→ **TASK TO COMPLETE**: Exactly the lines below from the one with "Villarreal CF - Real Madryt" up to and including the one with "Mitsubishi Mirage 1.2 G4 GLX Cvt" make up the answer, with nothing else added.

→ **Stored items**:
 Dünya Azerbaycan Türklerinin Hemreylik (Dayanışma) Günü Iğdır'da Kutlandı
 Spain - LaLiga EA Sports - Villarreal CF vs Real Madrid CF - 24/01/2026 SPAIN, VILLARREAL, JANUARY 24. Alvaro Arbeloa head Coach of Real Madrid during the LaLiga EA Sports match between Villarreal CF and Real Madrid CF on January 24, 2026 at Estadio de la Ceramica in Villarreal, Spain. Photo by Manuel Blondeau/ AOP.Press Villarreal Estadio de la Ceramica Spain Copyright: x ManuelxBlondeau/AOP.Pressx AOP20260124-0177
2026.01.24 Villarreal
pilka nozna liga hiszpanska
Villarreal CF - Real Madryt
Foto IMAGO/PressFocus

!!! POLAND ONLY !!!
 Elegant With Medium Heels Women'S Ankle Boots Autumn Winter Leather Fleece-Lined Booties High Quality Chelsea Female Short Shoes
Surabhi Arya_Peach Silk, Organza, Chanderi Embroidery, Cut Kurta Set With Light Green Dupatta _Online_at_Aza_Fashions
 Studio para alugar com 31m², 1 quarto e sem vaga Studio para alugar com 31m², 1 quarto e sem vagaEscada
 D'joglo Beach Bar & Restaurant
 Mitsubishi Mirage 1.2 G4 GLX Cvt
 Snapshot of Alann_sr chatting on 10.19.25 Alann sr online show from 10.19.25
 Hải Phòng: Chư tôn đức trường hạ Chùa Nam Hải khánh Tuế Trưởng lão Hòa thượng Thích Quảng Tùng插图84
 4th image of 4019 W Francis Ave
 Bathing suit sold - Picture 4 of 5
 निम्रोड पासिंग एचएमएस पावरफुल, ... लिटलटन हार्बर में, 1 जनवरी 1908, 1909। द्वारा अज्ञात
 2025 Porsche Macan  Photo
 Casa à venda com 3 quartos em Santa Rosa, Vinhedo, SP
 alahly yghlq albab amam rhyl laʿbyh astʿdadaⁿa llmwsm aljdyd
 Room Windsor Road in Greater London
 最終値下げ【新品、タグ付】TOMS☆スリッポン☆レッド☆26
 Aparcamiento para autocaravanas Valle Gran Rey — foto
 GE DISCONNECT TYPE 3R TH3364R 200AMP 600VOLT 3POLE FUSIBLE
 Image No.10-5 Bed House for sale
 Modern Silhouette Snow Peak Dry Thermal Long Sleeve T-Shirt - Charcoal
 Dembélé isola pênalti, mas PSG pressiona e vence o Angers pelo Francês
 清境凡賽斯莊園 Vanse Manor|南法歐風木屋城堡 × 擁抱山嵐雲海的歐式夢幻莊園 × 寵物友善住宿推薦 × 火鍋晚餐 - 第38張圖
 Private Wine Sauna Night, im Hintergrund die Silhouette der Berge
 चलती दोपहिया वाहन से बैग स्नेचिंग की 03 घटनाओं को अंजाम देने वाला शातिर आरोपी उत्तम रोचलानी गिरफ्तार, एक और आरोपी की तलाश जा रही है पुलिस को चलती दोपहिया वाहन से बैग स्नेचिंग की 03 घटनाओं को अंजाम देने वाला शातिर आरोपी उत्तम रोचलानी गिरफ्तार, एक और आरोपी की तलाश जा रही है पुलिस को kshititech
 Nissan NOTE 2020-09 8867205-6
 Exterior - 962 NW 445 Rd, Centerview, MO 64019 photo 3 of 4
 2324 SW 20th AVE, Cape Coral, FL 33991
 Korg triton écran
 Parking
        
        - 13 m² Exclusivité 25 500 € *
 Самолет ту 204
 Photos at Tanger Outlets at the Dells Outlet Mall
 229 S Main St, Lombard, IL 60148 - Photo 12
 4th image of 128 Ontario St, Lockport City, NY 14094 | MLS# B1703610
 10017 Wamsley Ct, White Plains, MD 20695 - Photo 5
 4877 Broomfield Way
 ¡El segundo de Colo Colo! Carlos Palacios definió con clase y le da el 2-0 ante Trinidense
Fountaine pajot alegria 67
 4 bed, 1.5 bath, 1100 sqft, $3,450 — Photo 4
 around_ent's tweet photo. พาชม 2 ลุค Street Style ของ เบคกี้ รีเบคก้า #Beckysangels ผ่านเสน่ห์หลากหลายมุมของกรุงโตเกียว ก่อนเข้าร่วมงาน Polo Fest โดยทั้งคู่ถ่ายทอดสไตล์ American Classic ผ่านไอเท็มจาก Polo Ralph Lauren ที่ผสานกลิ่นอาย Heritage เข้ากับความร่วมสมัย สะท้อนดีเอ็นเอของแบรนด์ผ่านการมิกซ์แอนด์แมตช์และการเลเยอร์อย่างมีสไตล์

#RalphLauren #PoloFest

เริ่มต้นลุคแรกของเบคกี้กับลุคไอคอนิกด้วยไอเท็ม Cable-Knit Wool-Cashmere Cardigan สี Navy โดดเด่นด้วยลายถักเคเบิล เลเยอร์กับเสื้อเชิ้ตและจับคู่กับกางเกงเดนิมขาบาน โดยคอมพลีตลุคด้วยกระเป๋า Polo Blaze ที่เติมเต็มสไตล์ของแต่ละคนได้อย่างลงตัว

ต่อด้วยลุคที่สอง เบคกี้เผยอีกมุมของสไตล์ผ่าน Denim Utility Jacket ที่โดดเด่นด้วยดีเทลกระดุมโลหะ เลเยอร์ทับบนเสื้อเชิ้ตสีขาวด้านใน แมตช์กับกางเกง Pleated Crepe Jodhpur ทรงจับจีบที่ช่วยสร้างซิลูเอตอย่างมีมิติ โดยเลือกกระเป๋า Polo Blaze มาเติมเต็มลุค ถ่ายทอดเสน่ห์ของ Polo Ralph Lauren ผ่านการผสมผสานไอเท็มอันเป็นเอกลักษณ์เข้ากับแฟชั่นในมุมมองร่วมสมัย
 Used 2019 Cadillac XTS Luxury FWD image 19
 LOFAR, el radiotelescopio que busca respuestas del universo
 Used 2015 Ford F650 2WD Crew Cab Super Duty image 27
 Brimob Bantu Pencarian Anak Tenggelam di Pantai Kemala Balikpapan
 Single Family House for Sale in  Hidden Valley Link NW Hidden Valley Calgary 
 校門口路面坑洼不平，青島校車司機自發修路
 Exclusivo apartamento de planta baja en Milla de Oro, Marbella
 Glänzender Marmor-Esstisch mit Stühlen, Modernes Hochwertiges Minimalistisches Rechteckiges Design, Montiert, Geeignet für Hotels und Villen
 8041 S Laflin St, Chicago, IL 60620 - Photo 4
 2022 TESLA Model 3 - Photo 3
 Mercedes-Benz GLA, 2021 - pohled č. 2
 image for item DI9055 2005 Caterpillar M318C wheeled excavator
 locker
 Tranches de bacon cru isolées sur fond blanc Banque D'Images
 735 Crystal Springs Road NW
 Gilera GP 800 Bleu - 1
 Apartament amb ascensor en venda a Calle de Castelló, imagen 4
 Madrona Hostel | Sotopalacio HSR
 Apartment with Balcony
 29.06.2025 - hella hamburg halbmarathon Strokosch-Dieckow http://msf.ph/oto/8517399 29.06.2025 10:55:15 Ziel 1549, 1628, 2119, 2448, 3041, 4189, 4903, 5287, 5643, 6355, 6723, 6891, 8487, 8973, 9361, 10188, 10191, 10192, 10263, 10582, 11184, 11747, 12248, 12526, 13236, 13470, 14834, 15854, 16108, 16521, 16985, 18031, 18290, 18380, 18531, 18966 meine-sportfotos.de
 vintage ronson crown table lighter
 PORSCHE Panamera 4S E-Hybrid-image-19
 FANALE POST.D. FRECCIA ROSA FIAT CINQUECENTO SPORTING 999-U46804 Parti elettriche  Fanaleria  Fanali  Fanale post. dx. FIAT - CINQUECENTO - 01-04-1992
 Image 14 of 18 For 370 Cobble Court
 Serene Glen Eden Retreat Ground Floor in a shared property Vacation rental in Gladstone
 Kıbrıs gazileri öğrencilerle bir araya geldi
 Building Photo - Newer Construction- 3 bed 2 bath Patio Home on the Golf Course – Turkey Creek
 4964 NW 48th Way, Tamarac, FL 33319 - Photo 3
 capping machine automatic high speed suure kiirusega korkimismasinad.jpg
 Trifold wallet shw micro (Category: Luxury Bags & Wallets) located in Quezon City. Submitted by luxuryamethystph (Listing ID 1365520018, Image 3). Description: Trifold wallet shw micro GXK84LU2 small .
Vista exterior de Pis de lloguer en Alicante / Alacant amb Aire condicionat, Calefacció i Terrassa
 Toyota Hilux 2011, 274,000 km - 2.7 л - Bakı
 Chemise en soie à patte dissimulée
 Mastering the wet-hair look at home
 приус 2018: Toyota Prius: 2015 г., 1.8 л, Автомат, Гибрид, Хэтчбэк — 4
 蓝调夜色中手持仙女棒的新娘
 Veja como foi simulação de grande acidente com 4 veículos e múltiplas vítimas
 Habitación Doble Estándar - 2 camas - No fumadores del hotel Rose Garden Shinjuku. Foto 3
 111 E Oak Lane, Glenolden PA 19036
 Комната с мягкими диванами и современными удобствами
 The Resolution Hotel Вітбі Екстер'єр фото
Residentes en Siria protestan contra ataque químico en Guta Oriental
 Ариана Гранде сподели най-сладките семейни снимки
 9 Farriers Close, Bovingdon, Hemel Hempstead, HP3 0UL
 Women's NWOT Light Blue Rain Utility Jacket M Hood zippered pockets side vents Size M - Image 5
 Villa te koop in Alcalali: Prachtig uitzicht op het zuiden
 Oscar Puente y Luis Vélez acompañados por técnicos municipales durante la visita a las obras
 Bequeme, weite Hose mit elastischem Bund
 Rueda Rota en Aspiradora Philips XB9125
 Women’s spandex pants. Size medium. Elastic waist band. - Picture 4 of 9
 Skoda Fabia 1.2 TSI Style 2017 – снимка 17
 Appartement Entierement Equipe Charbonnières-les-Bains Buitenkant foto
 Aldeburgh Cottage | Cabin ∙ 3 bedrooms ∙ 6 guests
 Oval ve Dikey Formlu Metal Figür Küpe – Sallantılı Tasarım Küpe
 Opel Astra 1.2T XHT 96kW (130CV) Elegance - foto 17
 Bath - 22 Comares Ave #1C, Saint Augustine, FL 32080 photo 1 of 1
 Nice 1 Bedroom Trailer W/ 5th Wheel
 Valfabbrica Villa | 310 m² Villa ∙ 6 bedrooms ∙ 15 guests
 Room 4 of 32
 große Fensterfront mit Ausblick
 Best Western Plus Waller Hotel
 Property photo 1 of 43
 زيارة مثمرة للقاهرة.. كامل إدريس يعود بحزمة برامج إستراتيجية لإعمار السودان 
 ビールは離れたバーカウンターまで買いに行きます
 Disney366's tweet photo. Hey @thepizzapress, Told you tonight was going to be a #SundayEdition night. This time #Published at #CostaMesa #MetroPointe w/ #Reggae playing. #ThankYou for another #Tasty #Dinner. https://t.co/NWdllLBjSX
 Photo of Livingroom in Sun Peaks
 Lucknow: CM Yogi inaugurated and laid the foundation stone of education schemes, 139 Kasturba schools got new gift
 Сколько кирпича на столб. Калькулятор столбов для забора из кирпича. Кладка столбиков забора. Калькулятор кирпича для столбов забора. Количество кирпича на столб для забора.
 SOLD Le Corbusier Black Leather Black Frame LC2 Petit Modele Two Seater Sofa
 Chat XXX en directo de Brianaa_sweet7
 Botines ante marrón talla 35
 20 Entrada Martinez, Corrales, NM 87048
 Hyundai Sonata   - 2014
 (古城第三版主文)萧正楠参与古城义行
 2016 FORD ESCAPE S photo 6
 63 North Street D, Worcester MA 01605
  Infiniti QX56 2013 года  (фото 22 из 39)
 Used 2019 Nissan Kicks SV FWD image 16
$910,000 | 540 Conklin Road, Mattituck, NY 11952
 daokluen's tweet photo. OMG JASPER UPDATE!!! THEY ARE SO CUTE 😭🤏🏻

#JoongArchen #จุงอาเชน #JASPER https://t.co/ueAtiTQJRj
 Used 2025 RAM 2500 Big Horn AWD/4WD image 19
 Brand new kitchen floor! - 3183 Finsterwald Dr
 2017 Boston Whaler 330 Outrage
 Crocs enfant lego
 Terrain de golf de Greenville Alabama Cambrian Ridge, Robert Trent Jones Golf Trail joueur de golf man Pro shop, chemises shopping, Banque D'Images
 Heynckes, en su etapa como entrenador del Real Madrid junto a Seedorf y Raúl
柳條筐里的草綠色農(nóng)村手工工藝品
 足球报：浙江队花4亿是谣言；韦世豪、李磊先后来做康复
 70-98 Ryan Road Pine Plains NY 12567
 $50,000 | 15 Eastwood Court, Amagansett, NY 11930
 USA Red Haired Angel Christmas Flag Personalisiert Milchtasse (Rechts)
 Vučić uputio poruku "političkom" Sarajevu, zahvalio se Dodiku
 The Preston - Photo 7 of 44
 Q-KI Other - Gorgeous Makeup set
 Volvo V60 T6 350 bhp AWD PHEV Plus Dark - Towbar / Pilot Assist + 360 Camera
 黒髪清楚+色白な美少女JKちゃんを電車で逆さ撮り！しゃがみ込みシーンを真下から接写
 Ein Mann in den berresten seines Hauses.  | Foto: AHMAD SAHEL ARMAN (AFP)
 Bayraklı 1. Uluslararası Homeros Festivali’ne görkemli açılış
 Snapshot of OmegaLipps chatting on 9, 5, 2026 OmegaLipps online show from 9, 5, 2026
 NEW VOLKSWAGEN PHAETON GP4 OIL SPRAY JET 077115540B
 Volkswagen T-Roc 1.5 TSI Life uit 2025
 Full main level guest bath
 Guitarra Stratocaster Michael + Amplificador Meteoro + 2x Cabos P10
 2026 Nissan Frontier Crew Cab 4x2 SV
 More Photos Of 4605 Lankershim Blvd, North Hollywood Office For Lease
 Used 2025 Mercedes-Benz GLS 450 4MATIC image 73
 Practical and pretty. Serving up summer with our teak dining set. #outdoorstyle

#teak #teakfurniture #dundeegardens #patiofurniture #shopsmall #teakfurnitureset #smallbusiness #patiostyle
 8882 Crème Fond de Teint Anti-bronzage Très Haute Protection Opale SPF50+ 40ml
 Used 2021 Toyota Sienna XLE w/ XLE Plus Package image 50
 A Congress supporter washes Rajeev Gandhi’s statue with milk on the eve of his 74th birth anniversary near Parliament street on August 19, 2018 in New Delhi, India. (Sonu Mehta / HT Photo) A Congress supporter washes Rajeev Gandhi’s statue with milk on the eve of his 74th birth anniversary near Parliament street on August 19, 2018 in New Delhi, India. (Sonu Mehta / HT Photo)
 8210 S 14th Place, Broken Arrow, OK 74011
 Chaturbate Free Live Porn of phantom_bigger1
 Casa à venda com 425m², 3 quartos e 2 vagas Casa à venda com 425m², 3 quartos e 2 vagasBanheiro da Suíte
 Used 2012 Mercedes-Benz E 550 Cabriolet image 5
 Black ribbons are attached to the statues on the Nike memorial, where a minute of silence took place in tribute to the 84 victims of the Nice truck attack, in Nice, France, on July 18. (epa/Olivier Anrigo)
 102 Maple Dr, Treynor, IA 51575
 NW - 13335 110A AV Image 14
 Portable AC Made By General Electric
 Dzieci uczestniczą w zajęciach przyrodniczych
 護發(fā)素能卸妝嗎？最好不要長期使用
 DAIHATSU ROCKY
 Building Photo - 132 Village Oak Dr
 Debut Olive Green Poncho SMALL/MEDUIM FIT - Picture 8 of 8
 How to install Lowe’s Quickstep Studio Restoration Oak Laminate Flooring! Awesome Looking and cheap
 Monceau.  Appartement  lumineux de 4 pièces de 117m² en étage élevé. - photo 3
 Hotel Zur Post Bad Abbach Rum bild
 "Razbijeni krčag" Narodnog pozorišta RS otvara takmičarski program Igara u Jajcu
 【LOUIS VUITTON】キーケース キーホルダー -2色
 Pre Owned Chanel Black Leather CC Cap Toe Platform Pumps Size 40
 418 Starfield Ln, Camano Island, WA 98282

→ **EXERCISE SOLUTION**:
Villarreal CF - Real Madryt
Foto IMAGO/PressFocus

!!! POLAND ONLY !!!
 Elegant With Medium Heels Women'S Ankle Boots Autumn Winter Leather Fleece-Lined Booties High Quality Chelsea Female Short Shoes
Surabhi Arya_Peach Silk, Organza, Chanderi Embroidery, Cut Kurta Set With Light Green Dupatta _Online_at_Aza_Fashions
 Studio para alugar com 31m², 1 quarto e sem vaga Studio para alugar com 31m², 1 quarto e sem vagaEscada
 D'joglo Beach Bar & Restaurant
 Mitsubishi Mirage 1.2 G4 GLX Cvt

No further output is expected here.